» **TASK DETAILS**
The data below holds a line containing "a helmet and some ribbons on a bed" and a line containing "Charming brick home"; please quote exactly those two lines and every line between them, and nothing else.

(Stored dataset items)
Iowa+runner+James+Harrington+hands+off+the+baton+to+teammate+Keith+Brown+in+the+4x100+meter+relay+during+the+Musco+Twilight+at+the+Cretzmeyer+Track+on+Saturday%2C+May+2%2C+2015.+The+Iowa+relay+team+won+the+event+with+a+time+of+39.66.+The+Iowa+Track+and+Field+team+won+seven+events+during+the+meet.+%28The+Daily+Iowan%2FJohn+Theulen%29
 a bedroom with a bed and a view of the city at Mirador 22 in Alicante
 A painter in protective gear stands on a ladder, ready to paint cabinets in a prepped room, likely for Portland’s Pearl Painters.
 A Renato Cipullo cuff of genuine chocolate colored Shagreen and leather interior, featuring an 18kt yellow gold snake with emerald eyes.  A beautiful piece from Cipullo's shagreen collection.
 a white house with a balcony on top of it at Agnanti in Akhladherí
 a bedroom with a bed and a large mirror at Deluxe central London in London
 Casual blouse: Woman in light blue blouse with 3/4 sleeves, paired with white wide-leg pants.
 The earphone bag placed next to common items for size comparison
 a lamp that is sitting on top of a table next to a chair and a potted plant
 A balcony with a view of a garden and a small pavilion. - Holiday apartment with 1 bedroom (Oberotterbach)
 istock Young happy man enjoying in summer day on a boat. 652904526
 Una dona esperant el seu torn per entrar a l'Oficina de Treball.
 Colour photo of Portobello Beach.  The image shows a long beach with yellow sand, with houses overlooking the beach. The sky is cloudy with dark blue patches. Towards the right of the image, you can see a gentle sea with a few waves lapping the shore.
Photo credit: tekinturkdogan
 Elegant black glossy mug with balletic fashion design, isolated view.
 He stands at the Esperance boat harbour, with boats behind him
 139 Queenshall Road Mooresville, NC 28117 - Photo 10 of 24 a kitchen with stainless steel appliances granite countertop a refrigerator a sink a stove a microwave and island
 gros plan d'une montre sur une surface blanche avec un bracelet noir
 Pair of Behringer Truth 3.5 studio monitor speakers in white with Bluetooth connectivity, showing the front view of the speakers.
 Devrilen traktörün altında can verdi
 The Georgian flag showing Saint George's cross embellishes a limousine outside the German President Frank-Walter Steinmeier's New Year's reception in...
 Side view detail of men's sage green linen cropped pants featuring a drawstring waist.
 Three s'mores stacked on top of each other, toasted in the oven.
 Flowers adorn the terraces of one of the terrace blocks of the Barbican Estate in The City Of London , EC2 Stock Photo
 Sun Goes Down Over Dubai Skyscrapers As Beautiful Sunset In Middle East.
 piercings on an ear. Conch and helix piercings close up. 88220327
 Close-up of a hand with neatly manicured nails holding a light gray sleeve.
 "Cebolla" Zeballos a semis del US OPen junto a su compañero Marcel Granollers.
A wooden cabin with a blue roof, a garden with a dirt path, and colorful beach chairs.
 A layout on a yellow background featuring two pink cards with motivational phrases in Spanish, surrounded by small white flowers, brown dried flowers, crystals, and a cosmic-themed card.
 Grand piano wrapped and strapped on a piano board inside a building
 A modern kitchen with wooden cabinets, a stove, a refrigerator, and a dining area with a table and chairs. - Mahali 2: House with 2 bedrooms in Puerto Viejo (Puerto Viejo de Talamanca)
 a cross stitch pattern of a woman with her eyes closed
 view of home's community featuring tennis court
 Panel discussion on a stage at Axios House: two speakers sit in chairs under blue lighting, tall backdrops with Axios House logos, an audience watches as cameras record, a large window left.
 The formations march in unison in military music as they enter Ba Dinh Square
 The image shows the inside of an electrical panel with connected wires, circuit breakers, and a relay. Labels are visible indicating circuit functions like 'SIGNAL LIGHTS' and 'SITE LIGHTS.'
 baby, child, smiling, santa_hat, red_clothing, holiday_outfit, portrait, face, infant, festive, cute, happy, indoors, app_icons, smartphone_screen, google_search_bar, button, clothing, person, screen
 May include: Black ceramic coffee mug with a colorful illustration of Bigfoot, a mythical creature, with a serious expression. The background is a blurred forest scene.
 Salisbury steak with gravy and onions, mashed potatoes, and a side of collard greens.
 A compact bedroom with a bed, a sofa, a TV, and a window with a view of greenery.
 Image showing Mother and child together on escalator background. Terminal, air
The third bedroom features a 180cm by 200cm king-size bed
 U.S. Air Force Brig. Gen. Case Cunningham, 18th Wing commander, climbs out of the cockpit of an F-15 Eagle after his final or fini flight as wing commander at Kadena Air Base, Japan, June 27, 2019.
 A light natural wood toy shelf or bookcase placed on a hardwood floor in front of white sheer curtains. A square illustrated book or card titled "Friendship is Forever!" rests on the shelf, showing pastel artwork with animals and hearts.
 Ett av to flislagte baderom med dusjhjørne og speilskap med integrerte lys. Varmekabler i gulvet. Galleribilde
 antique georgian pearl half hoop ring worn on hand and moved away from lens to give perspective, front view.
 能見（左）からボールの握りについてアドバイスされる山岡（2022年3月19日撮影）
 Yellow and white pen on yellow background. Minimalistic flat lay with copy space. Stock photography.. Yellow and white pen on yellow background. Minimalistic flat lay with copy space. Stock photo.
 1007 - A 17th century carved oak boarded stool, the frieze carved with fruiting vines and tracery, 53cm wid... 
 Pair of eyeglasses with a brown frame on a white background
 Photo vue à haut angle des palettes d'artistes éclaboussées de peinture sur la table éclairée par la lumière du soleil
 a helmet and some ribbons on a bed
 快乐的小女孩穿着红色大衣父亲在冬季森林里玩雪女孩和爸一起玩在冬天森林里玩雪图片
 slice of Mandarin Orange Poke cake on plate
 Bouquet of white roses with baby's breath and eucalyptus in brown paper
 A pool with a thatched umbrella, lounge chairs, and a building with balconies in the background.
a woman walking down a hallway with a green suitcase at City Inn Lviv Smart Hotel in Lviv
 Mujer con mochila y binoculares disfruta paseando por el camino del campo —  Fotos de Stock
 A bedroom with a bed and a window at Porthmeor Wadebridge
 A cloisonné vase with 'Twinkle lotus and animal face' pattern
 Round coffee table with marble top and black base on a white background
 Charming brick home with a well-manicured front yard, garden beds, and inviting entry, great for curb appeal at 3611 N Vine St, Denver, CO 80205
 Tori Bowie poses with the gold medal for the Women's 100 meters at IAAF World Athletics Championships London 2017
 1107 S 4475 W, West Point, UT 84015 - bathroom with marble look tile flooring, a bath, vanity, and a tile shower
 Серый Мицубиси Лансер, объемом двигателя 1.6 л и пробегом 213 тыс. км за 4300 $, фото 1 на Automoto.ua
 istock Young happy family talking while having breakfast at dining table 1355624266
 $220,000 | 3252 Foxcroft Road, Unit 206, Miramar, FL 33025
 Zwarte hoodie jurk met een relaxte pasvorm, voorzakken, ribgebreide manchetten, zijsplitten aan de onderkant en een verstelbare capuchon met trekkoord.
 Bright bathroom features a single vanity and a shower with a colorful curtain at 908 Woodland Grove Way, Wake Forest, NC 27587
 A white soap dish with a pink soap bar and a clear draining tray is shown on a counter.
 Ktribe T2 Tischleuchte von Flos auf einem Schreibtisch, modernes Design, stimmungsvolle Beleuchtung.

» **RESPONSE**
 a helmet and some ribbons on a bed
 快乐的小女孩穿着红色大衣父亲在冬季森林里玩雪女孩和爸一起玩在冬天森林里玩雪图片
 slice of Mandarin Orange Poke cake on plate
 Bouquet of white roses with baby's breath and eucalyptus in brown paper
 A pool with a thatched umbrella, lounge chairs, and a building with balconies in the background.
a woman walking down a hallway with a green suitcase at City Inn Lviv Smart Hotel in Lviv
 Mujer con mochila y binoculares disfruta paseando por el camino del campo —  Fotos de Stock
 A bedroom with a bed and a window at Porthmeor Wadebridge
 A cloisonné vase with 'Twinkle lotus and animal face' pattern
 Round coffee table with marble top and black base on a white background
 Charming brick home with a well-manicured front yard, garden beds, and inviting entry, great for curb appeal at 3611 N Vine St, Denver, CO 80205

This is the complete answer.